» Exercise data
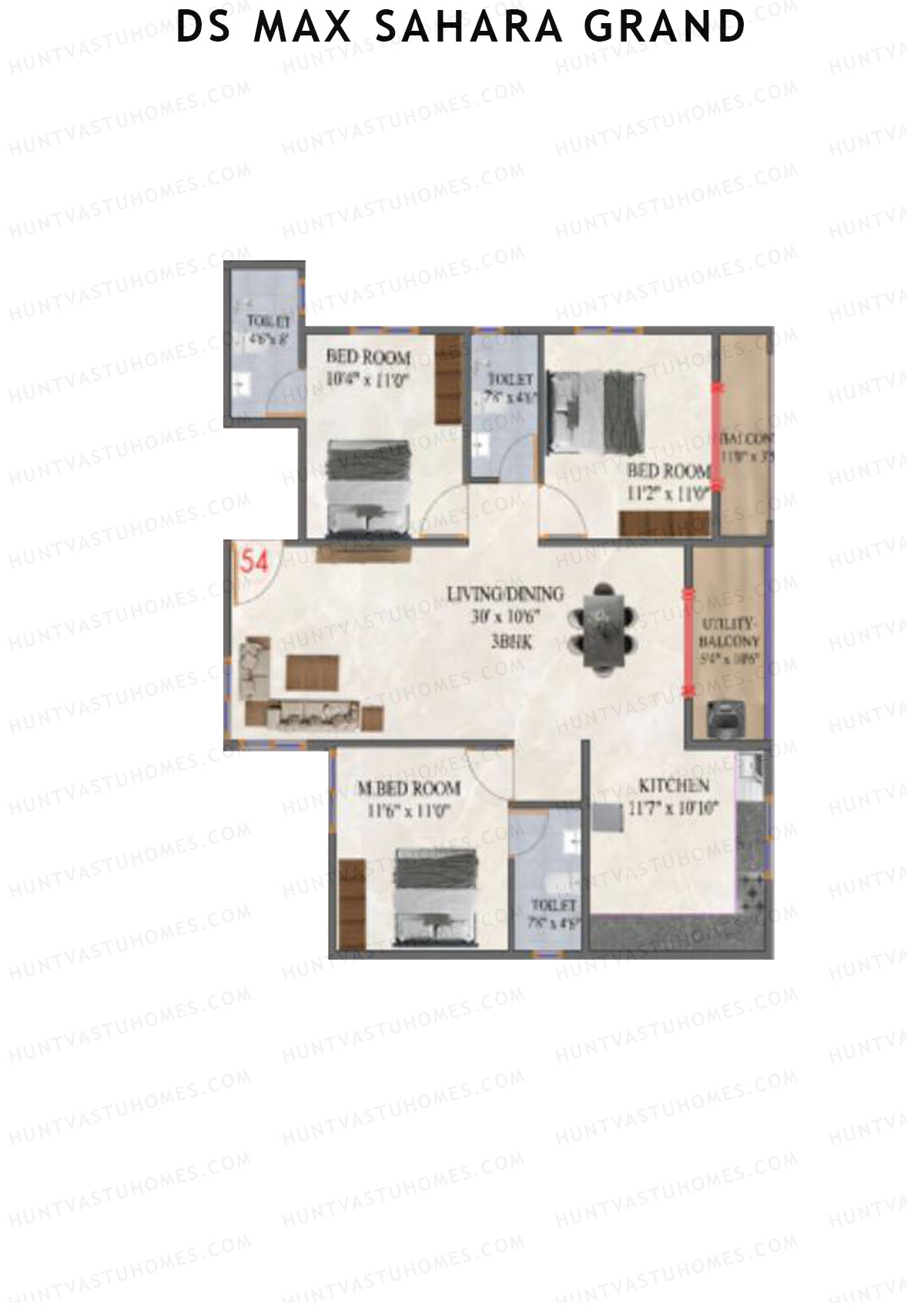 DS MAX Sahara Grand Tower 1 Unit 54 Floor Plan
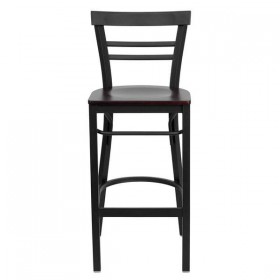HERCULES Series Black Ladder Back Metal Restaurant Bar Stool - Mahogany Wood Seat [XU-DG6R9BLAD-BAR-MAHW-GG]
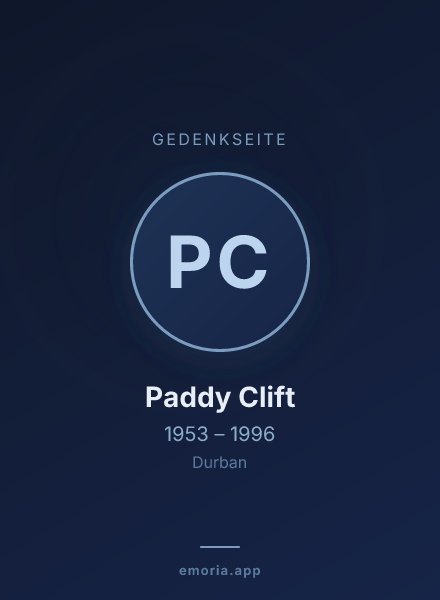 Gedenkportrait von Paddy Clift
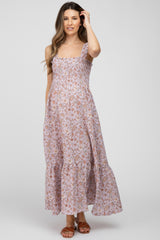 Lavender Smocked Floral Maternity Maxi Dress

» Instructions to follow
Please copy, exactly and only, the lines of the listing that run from the one holding "Gedenkportrait von Paddy Clift" through its last line, and exclude pictures.

» Task solution
 Gedenkportrait von Paddy Clift
 Lavender Smocked Floral Maternity Maxi Dress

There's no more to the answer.